TASK INSTRUCTIONS>
Dropping every picture, set down exactly the lines in the entries below, starting with the line with "Rice simmering in" and going on through the line with "2021 Tesla Model".

EXERCISE MATERIALS>
- - - - - - -

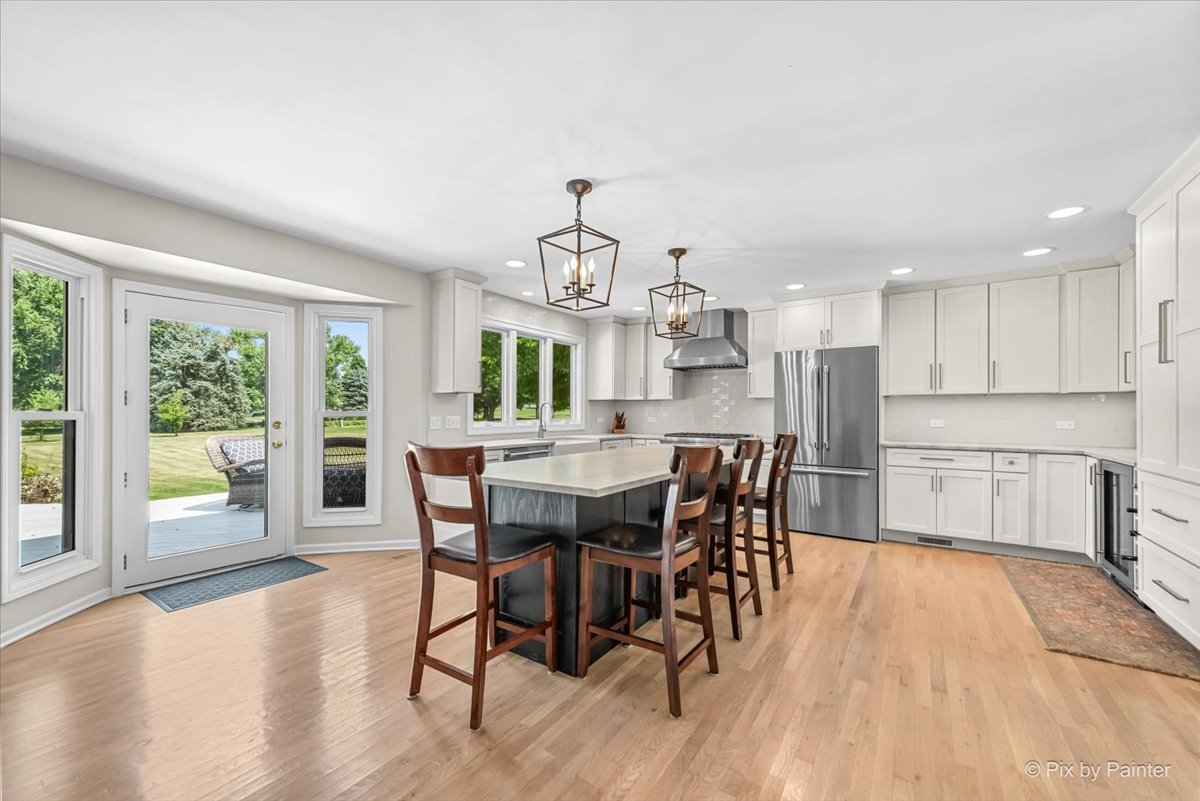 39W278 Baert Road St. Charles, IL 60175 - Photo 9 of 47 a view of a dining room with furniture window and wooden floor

- - - - - - -

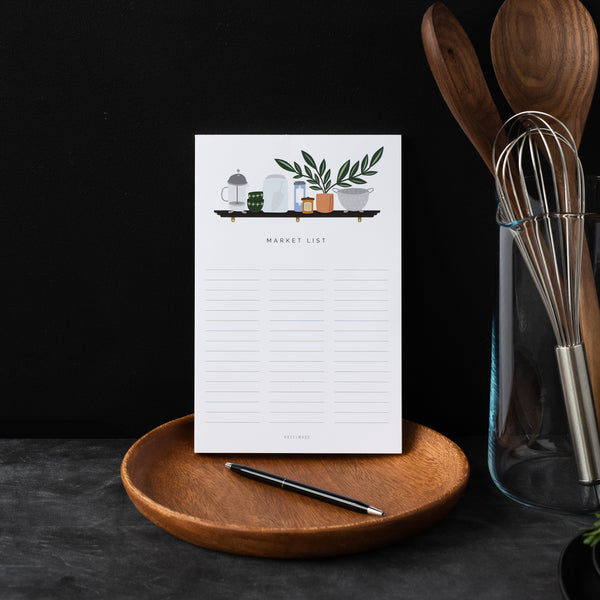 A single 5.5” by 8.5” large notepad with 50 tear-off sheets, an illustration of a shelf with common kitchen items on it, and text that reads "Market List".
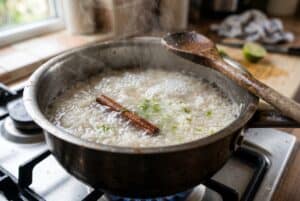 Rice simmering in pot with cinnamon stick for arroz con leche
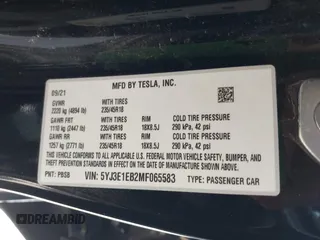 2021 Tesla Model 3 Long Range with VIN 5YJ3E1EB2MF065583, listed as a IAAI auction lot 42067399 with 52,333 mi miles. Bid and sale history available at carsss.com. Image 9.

- - - - - - -

RESPONSE>
 Rice simmering in pot with cinnamon stick for arroz con leche
 2021 Tesla Model 3 Long Range with VIN 5YJ3E1EB2MF065583, listed as a IAAI auction lot 42067399 with 52,333 mi miles. Bid and sale history available at carsss.com. Image 9.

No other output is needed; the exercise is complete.